Algaplus produces six species of algae, 90% for human consumption. The company has the brand Tok de Mar, offering fresh and dehydrated products, as well as others like salt and fleur de sel with algae, 8% for cosmetics, and the remainder for scientific research institutes and companies that need algae – with 75% of production exported, mainly to Europe. Products include sardine preserves with algae in olive oil, fresh sea lettuce, a thalassotherapy kit with algae, spirulina powder, among others. The focus on communication is evident, with Algaplus featuring algae recipes on a blog with suggestions from nutritionists and chefs describing the benefits of algae consumption. The market already has a sea mayonnaise that includes algae, and Helena Abreu is pleased with this step, noting that it “reduces salt by 50%.”

The company in Ílhavo mimics the functioning of coastal marine ecosystems in its algae production, in a controlled manner, seawater enters the fish farms, where sea bass and gilthead bream are produced organically, and is pumped into the macroalgae cultivation tanks through a filtration system.
The nutrients from this marine environment are utilized for macroalgae production, just as in their natural habitat.

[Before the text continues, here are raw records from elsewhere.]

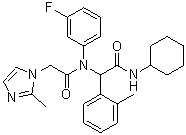 AGI-5198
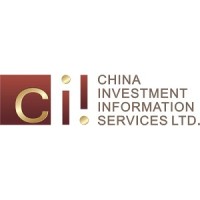 China Investment Information Services Limited (CIIS) logo, China Investment Information Services Limited (CIIS) contact details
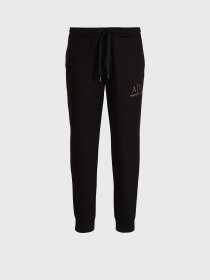 Штаны спортивные Armani Exchange модель 3DZPSA-Z9N1Z-1200 Фото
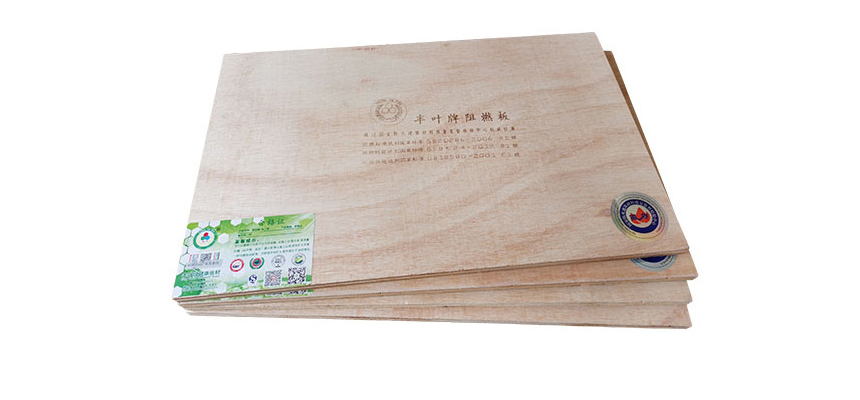 科普一下家具阻燃板生產(chǎn)制作過程中應(yīng)該注意什么？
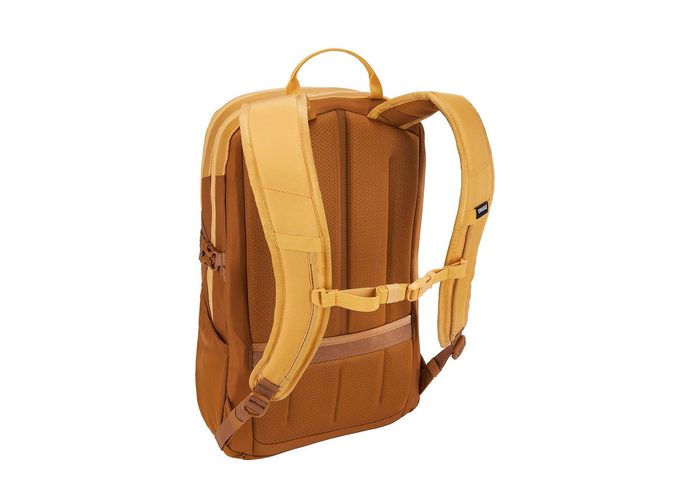 Thule EnRoute Backpack 23L Ochre/Golden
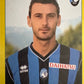 Calciatori Panini 2009/10 mancolista - Scegli figurina da 1 a 100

This circular blue bioeconomy, with aquaculture, is innovative in Europe.


Nature is not contradicted. “We focus on markets that, in essence, value sustainable production capacity. We cannot intensify production or use chemicals,” emphasizes Helena Abreu, who is also the president of Proalga – the Portuguese Association of Algae Producers, an organization founded in 2019 with four producers.


There are larger businesses, smaller projects, and a sector with companies that stand out in Europe. In 2018, Allmicroalgae obtained organic certification from the European Union to produce Chlorella, becoming the only company in Europe with large-scale organic production.

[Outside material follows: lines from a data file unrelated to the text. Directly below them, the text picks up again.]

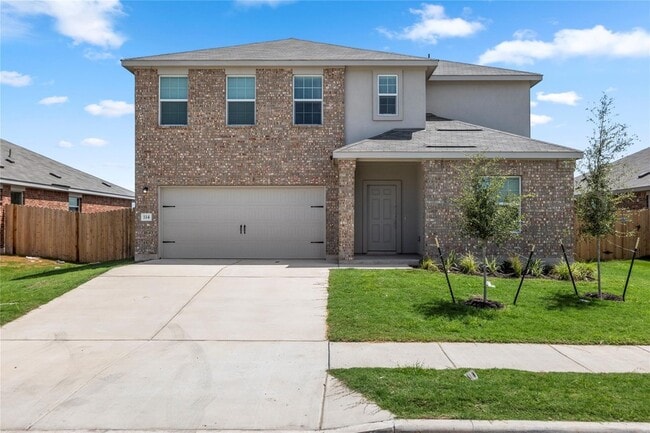 Photo - 114 Miglia St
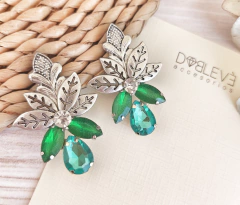 Aros de fiesta 0020 - comprar online
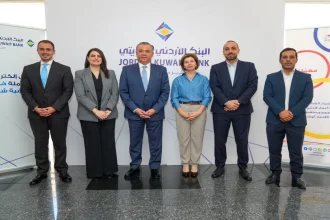 برنامج "طريقي إلى النجاح"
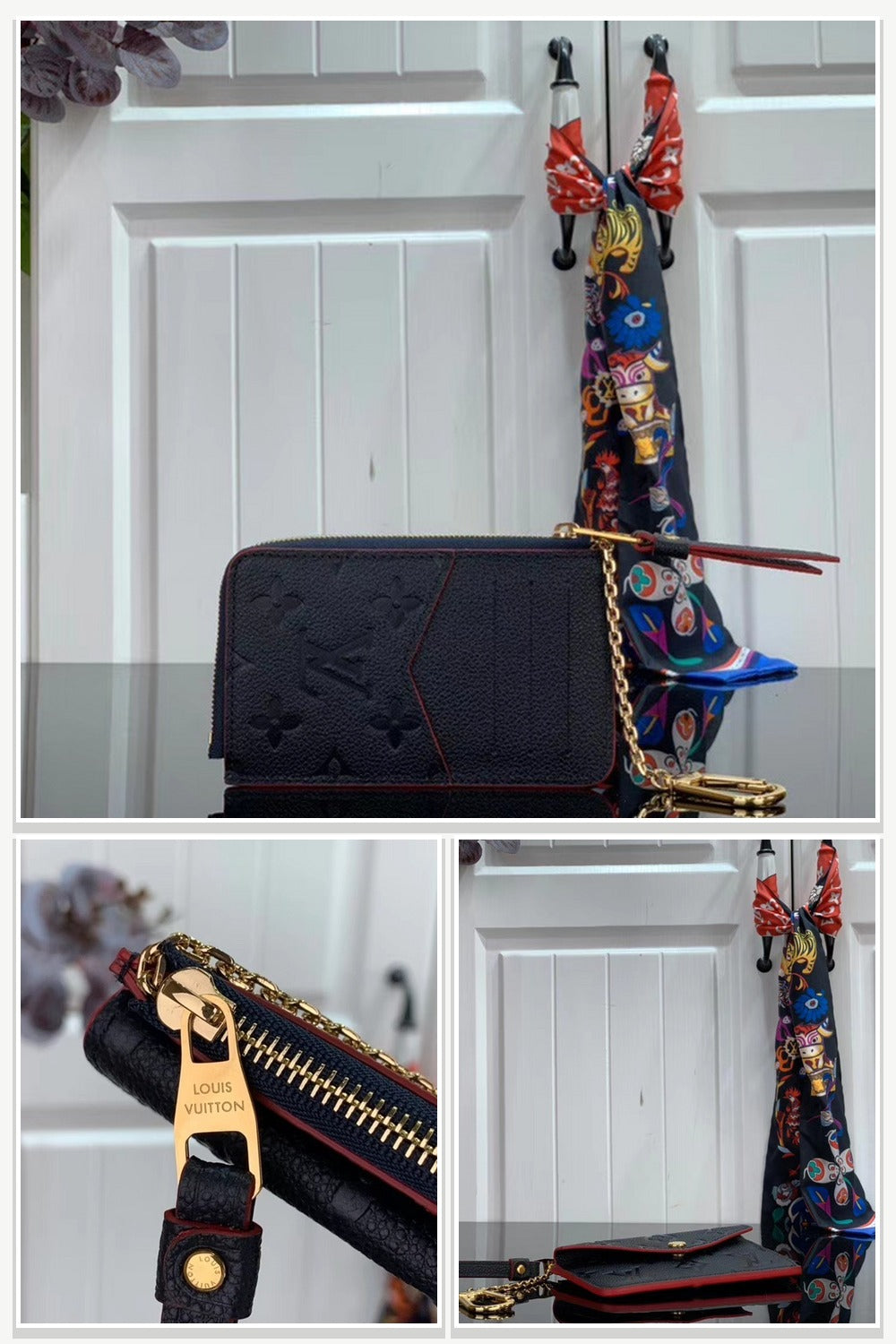 Bag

Joana Silva, a biologist and head of the Research and Development department at Allmicroalgae, notes that entering the food market is not easy. It requires a lot of work and effort, increasing the number of certifications. Despite the progress made, in 2020, the company joined forces with a French biotechnology group specializing in algae biology, microorganisms, food, and microbiota-based feed to boost the market. But there is still much to be done. “There is a lack of openness, willingness, understanding, and support from the entire value chain,” she emphasizes. A national vision is needed. What to highlight? “Clearly sustainability, sustainability is the future,” responds Joana Silva.


For João Navalho, a former president of Proalga, unity is strength, and it makes perfect sense to talk about algae, to include them in the narrative. “It makes perfect sense in the third millennium for all sorts of reasons. And we are better together.” Those in the sector know what it’s like to work with Nature, the details that matter, and the challenges along the way. “It depends a lot on how the authorities approach the issue; the regulation is complex and increasingly so. These are new products, and it becomes even more complex.”

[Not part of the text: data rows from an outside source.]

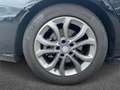 Mercedes-Benz C 220 C SW 220 d Premium Auto Nero - thumbnail 12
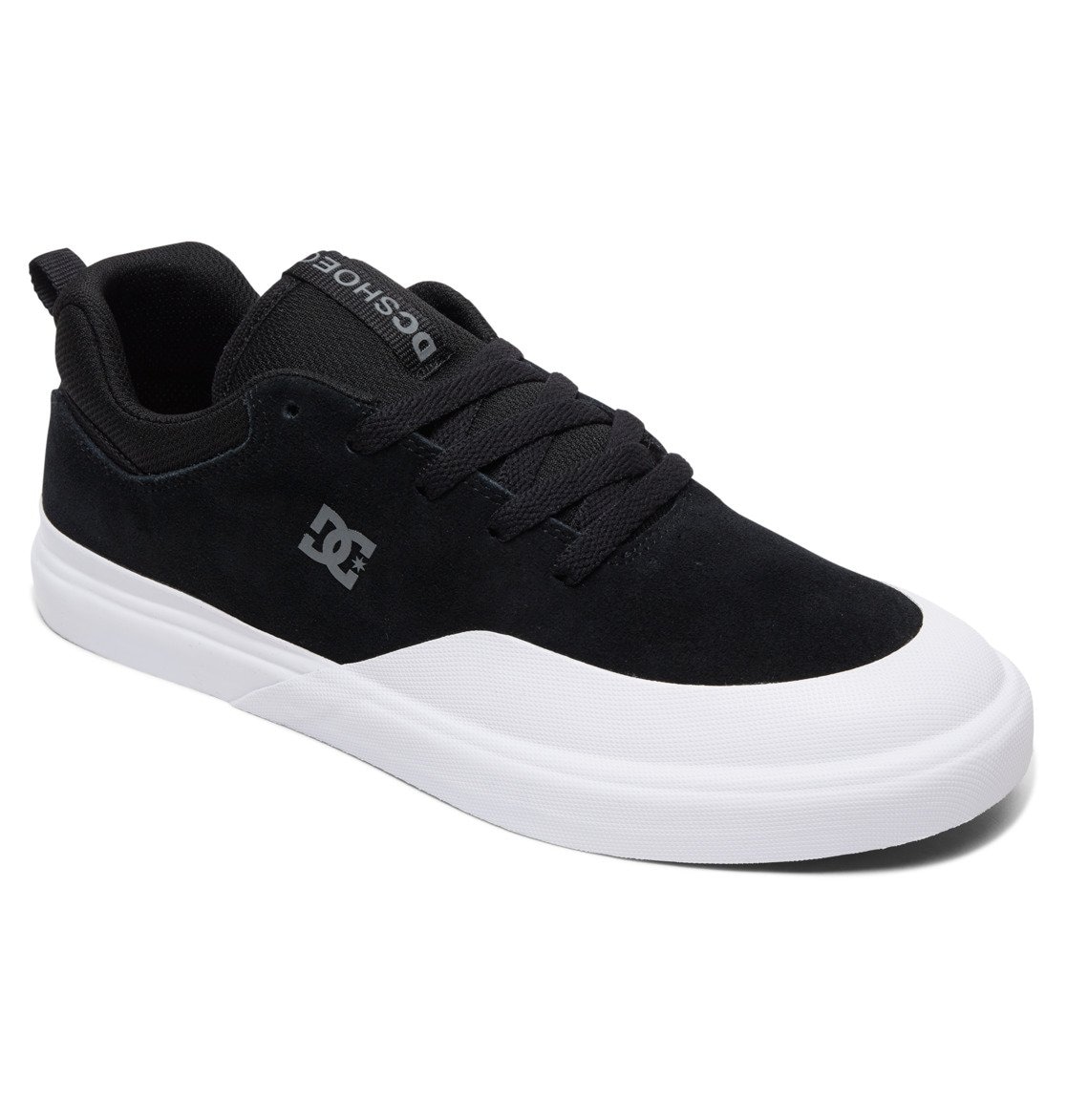 DC Shoes Skateschuh »Infinite S«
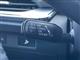 Billede af Skoda Enyaq iV 80 EL Premium 204HK 5d Aut.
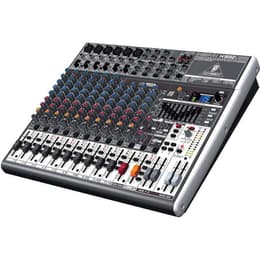Behringer XENYX X1832USB Zubehör
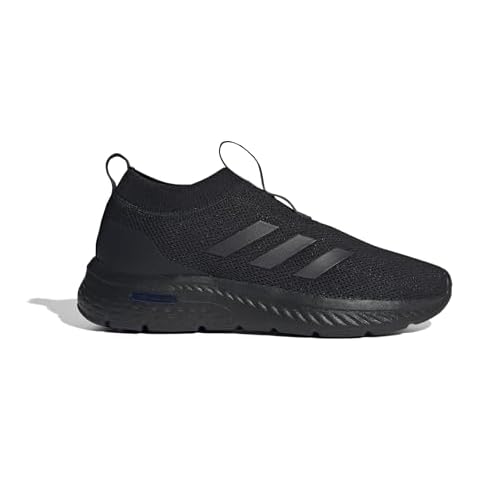 adidas Women's Cloudfoam Move Sock Shoes Cover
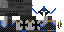 Texture for Sariant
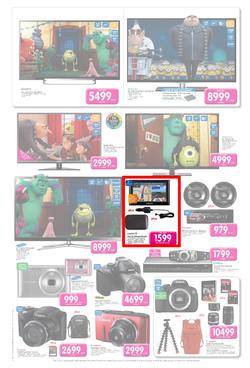 Makro : Get More This Christmas (24 Nov - 2 Dec 2013), page 2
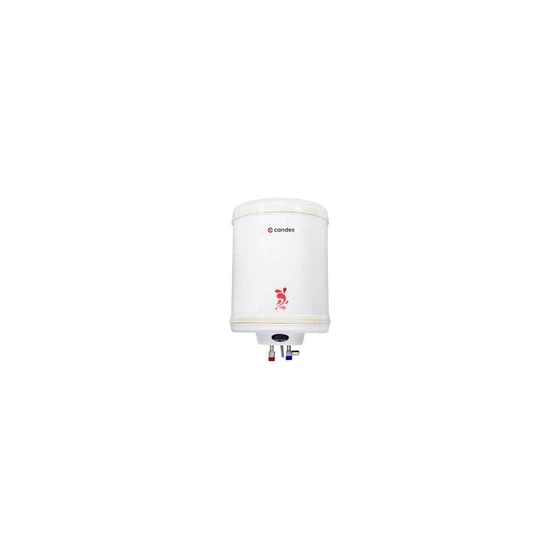 storage-ss-tank-geyser-1.webp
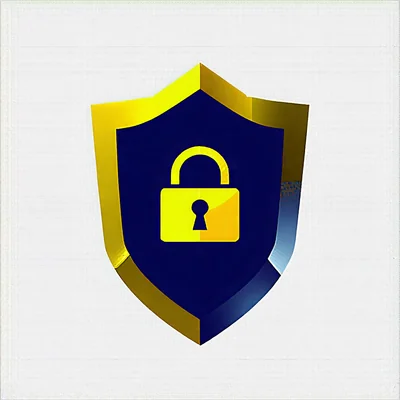 Biểu tượng cá cược có trách nhiệm và bảo mật tại i9bet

João Navalho advocates for greater technological investment, simpler regulation, and different types of incentives. “It’s not enough for entrepreneurs and producers to have the will; political will is also crucial,” he argues.


Celso Alves has no doubt that algae are interesting and resilient organisms. “There are species of macroalgae exposed to harsh conditions, unable to move on the beaches, that develop mechanisms to thrive as a survival response.” And there is material to explore with an eye on pharmacological and biotechnological potential. “The knowledge we have now may not be applicable at the moment, but it can be used in the future for developing new therapies,” he emphasizes. Algae are a fascinating world to explore on many levels.


From the Algarve, Rui Santos mentions the desire to create a photo exhibition with images of algae from the university’s digital platform. An exhibition that could be itinerant. “A way to give back, a form of gratitude.” To all those interested and who do not overlook these beings that come from the sea and wash ashore.”